This is a general purpose collection of data analysis libraries for the Dylan programming language.
It currently consists of a statistics
library providing some general statistical functions
for calculating means, variance, deviation, and extrema.
Documentation for this set of libraries can be found online at http://opendylan.org/documentation/statistics/.
Additional functionality and libraries are welcome.
Some immediate ideas for additions include:
- Mode
- Median
- Weighted means
- Trimmed means
- Skewness, kurtosis
- Absolute deviation
- Covariance
- Percentiles and quantiles
- Rankings
- Distances (probably a separate library within this repo)
- Z scores
- Distributions
- Random data generation
- Online / streaming descriptive statistics
Larger projects might include:
- Time series data support
- Dataframes
- CSV reader / writer
- Improving testing
- Benchmarks and compiler improvements (mainly with LLVM)
This library can be built with Open Dylan 2014.1 or later on these platforms with the C compiler back-end:
- Mac OS X
- Linux, 64 bit x86_64
- FreeBSD, 64 bit x86_64 (not available with 2014.1)
Using Open Dylan from current master with the LLVM compiler back-end should work on 32 bit and 64 bit Mac OS X, Linux and FreeBSD.
The HARP compiler back-end has a bug that prevents it from being able to compile this library.
To use this library in the typical manner given Dylan's lack of a package manager:
- Use a git submodule to pull this repository into your project.

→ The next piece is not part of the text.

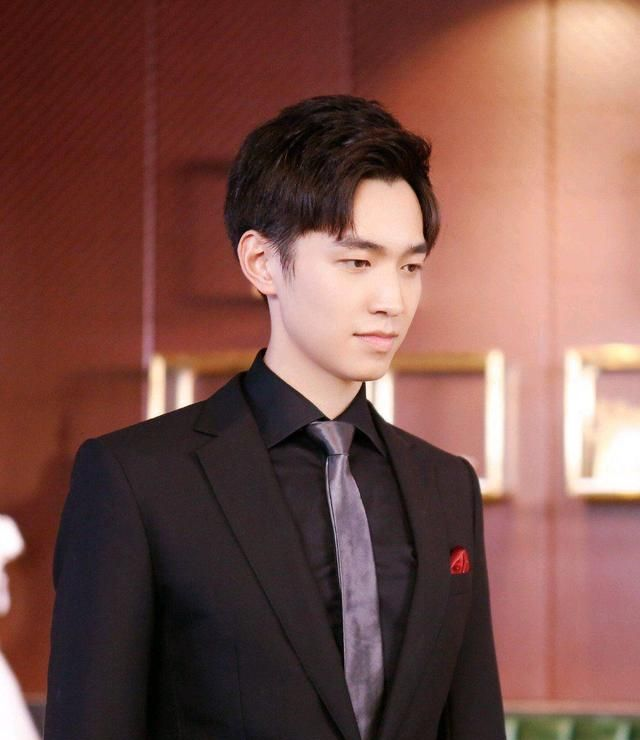 《炮灰攻略》中的男主还是还很帅的,严禹豪的现代装很有特点_高清图集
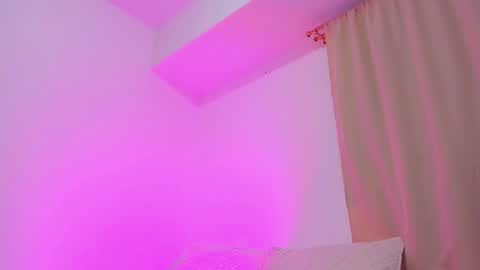 Instagram Soyamandaa  1 online show from 21, 11, 2025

- Add registry entries for the libraries from this repository that you plan to use.
- Use it.
Documentation is built using Sphinx. This can be installed via:
pip install -U Sphinx
Then:
cd documentation export PYTHONPATH=/path/to/opendylan/documentation/sphinx-extension make html
To build the documentation, you will currently need a clone of Open Dylan from git to have the correct version of the Sphinx extension. (Or you could clone that locally and use the path to it directly.)